◆ Exercise brief
Reproduce word for word the lines between those holding "GENE METHYLATION IN" and "pandémie du coronavirus-covid-19", inclusive, and nothing else from the data below.

◆ Dataset entries
····················

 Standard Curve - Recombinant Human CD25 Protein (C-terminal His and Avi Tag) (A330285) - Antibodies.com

····················

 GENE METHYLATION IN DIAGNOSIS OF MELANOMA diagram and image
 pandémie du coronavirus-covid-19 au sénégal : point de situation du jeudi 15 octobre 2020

····················

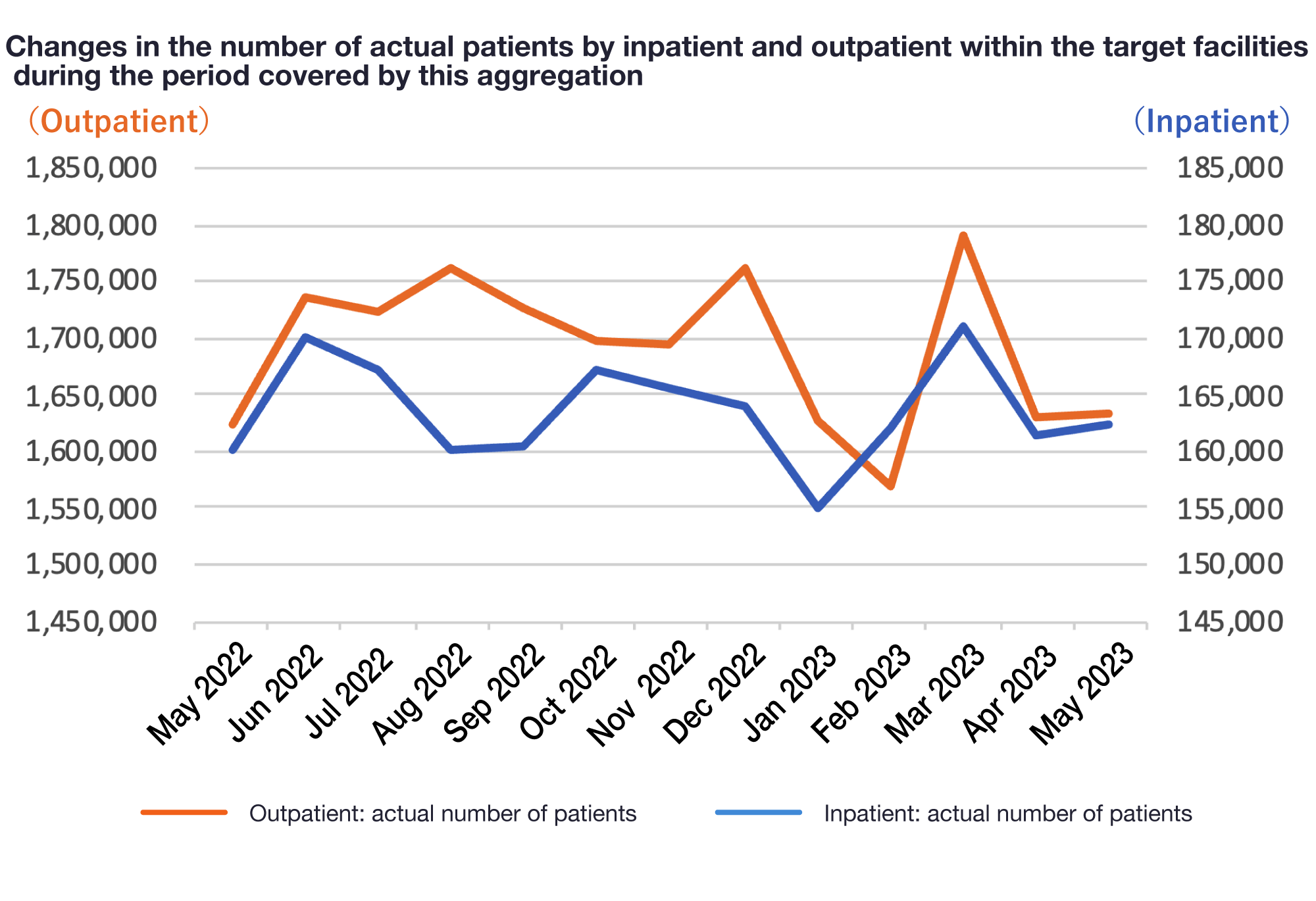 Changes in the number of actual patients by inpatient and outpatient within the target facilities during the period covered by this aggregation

····················

◆ Answer space
 GENE METHYLATION IN DIAGNOSIS OF MELANOMA diagram and image
 pandémie du coronavirus-covid-19 au sénégal : point de situation du jeudi 15 octobre 2020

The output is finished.